The Depot Theater Company's fall production "The Mousetrap" opens Friday. The murder mystery, will run for three weekends, closing on Oct. 27.
The play tells the story of five guests stranded at a country inn by a blizzard. Along with the young couple who run the inn and the detective sergeant who arrives to investigate the murder, the guests each gradually reveal their connection to the murdered woman and their possible motives for her murder.
The play ends with a twist so surprising that the audience is traditionally asked not to tell the secret.
When Agatha Christie wrote "The Mousetrap," she expected the play to run eight months.
The play opened at the Theatre Royal on Oct. 6 of 1952.
And it never closed.
The play has logged over 25,000 performances and just celebrated its 60th anniversary.
"The Mousetrap" was first seen, or rather heard, as a short radio play called "Three Blind Mice." The play, which aired on May 30, 1947, was based on a true story.
Christie later turned the radio play into a short story, then into a stage play.
She gave the rights to the play to her grandson as a birthday present and attached several conditions to the production.
Christie directed that only one other production of the play can be produced annually so long as the original is playing. She also specified that no film version can be made of the play until the stage version has been closed for at least six months.
In 2010, the family of Agatha Christie was dismayed to learn that the online entry about the play on Wikipedia had revealed the surprise ending and the identity of the murderer.
Producing a classic
The Depot Theater Company production of "The Mousetrap" features eight veteran actors and is directed by Jennifer Vierthaler, who also directed the company's summer production of "Boeing, Boeing."
The cast has been rehearsing for four weeks in preparation for the Friday night opening performance.
"We're excited about having an audience," Darleen Clifton Smith said. Smith plays Mrs. Boyle, a crotchety guest.
"We're anxious to show what we're been able to put together," said Bradley Lies, who plays Christophen Wren, a quirky young architect.
"I'm anxious to see if we've kept them guessing — it they're asking questions and guessing who did it when we serve dessert," said Jill Druse, who plays Miss Casewell, a brusque and dismissing woman.
"It's really true that at intermission everything is possible — it's very muddy waters, like a shell game where you're guessing which cup the ball is under," said Lee Harlan, who plays Major Metcalf, a mysterious retired Army man.
"Every character has a secret they're keeping under wraps," Druse said.
Page 2 of 2 - "And everyone has different reasons to react differently to the action in Act one," Smith said.
As they waited to be called to stage for their first technical rehearsal, the cast was anxious to see some of the technology being employed for the production.
Music is heard actually playing on the vintage radio sitting on the desk.

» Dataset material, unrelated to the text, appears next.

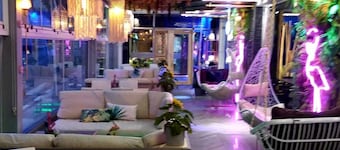 Royal Court Hotel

A fireplace and candles have realistic flames.
The cast attributes their confidence to the work of the director.
"She's always prepared and stays focused,"
"It makes it easier to deliver your part when the expectations are so clear."
The cast presented a scene from the play for the Depot Theater Guild last weekend. They were surprised that the scene got a few laughs.
"There are light-hearted times during the play. It's not all tense," Druse said.
"This is a great play for a fall evening and I really think people will enjoy it," said Ron Albrecht, who plays Mr. Paravicini, another mysterious guest who appears to have a lot to hide.
IF YOU GO
What: "The Mousetrap," a murder mystery by Agatha Christie
When: opens Friday for a three week run.
The lobby opens at 5:30 p.m., and dinner is served at 6:15 p.m.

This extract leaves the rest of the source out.